= Main Line (Pittsburgh to St. Louis) =

The Pittsburgh to St. Louis Main Line was a rail line owned and operated by the Pennsylvania Railroad in the U.S. states of Pennsylvania, Ohio, Indiana, and Illinois. The line ran from Pittsburgh, Pennsylvania west via Steubenville, Ohio, Columbus, Ohio, Dayton, Ohio, Indianapolis, Indiana, Terre Haute, Indiana, and Vandalia, Illinois to East St. Louis, Illinois. In addition to its east end in downtown Pittsburgh, where it met the Main Line and Pittsburgh to Chicago Main Line, junctions included the Columbus to Chicago Main Line at Columbus, the C&X Branch (to Cincinnati) at Xenia, the Columbus to Indianapolis Main Line via Bradford (a freight bypass of Dayton) at New Paris, the Richmond Branch and Fort Wayne Branch at Richmond, the Louisville Branch and I&F Branch at Indianapolis, and the Peoria Branch at Farrington, Illinois.

Large portions of the line have been abandoned; the only major pieces still in use are from Mingo Junction (west of Steubenville) to Columbus, operated by the Columbus and Ohio River Rail Road (Ohio Central Railroad System), and west of Terre Haute, operated by CSX Transportation as part of its St. Louis Line Subdivision. Other existing pieces are from Rosslyn, Pennsylvania to Walkers Mill (Pittsburgh and Ohio Central Railroad), Weirton Junction, West Virginia to Mingo Junction (Norfolk Southern Railway Weirton Secondary), Columbus to London, Ohio (NS Dayton District), Clement, Ohio to Dayton (NS), just east of Richmond, Indiana (NS New Castle District), and from Indianapolis to Ben Davis, Indiana (CSX Crawfordsville Branch Subdivision).

==History==
The Steubenville and Indiana Railroad opened a line from Steubenville west to Newark in 1853, 1854, and 1855. In 1857, it built a connection in Newark to the Central Ohio Railroad and signed a trackage rights agreement over the Central Ohio to Columbus; it bought a one-half interest in that portion of the Central Ohio in 1864. The Pennsylvania Railroad's Steubenville Extension, Pittsburg and Steubenville Railroad, and Steubenville Bridge across the Ohio River opened in 1865, connecting Pittsburgh to the Steubenville and Indiana. Both companies were operated as a continuous line by the Western Transportation Company until 1868, when they merged to form the Pittsburgh, Cincinnati and St. Louis Railway, owned by the Pennsylvania Railroad.
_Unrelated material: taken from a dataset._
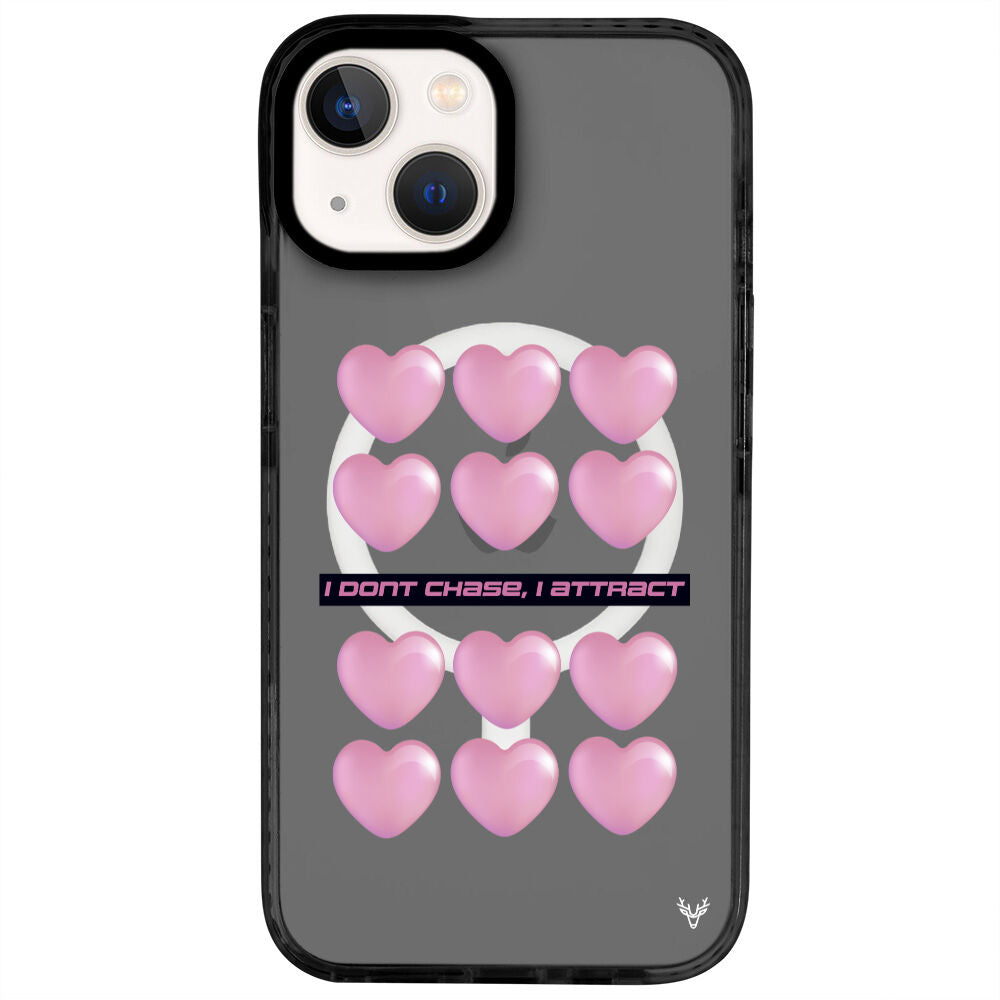 MagsafeliArtycaseCoolBlack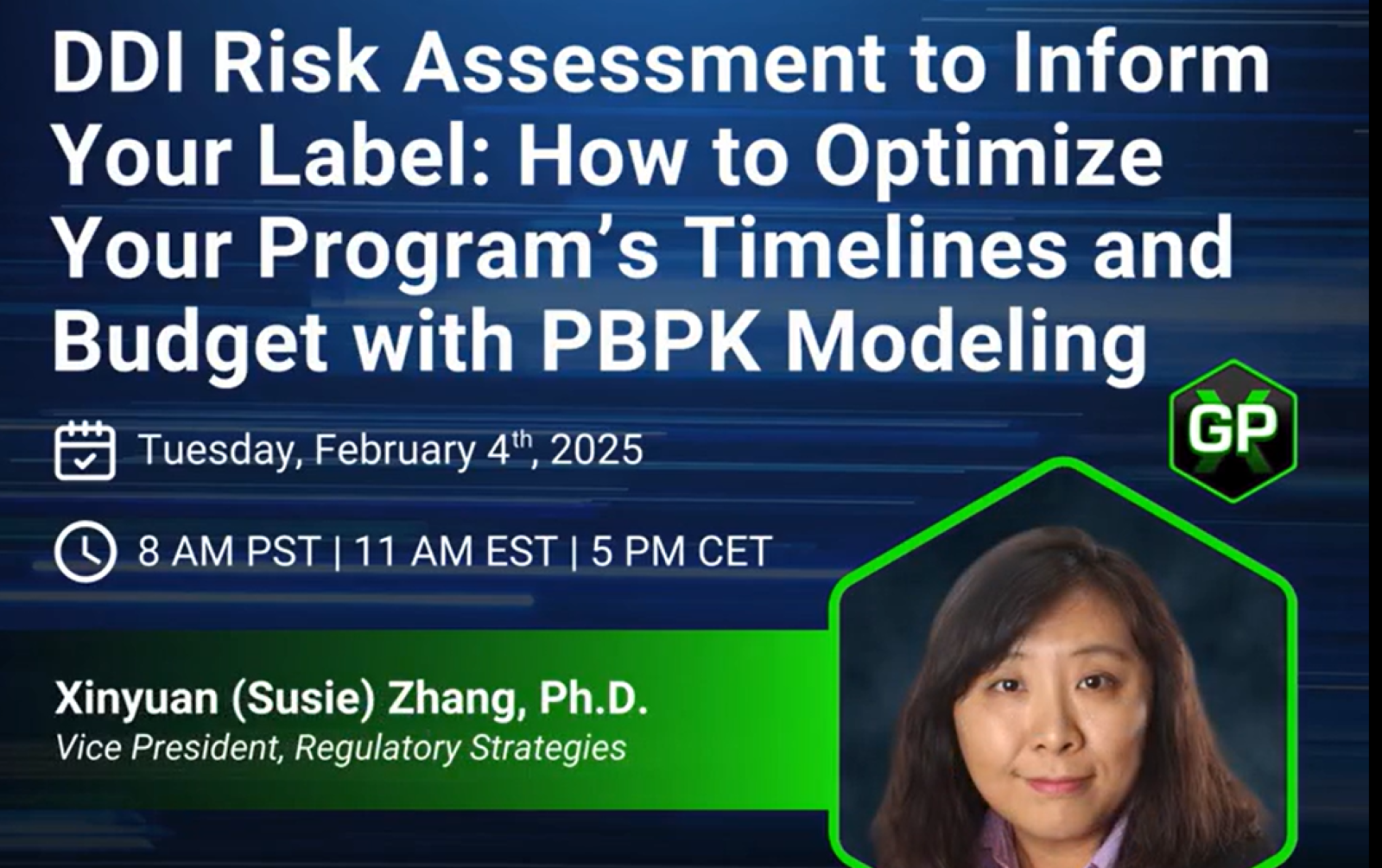 視頻 | PBPK建模在藥物相互作用DDI風(fēng)險(xiǎn)評(píng)估中應(yīng)用的要點(diǎn)（英文字幕）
The oldest part of the line was opened by the Columbus and Xenia Railroad in 1850, from Columbus west to Xenia. The Dayton and Western Railroad opened from Dayton west to New Paris in 1853. The Indiana Central Railway also opened in 1853, continuing west from New Paris (on the Ohio/Indiana state line) to Indianapolis. The Indiana Central began operating the Dayton and Western in 1854. The Dayton, Xenia and Belpre Railroad opened in 1858, filling the gap between Xenia and Dayton, and was immediately leased by the Columbus and Xenia. Operation of the Dayton and Western was transferred to the Columbus and Xenia by lease in 1863; the Little Miami Railroad leased the Columbus and Xenia (and thus the line from Columbus to New Paris) in 1868. The Pittsburgh, Cincinnati and St. Louis Railway leased the Columbus, Chicago and Indiana Central Railway (the Indiana Central's successor) and the Little Miami in 1869, giving the PRR a line to Indianapolis (including an alternate route between Columbus and New Paris), fully operated by the PC&StL.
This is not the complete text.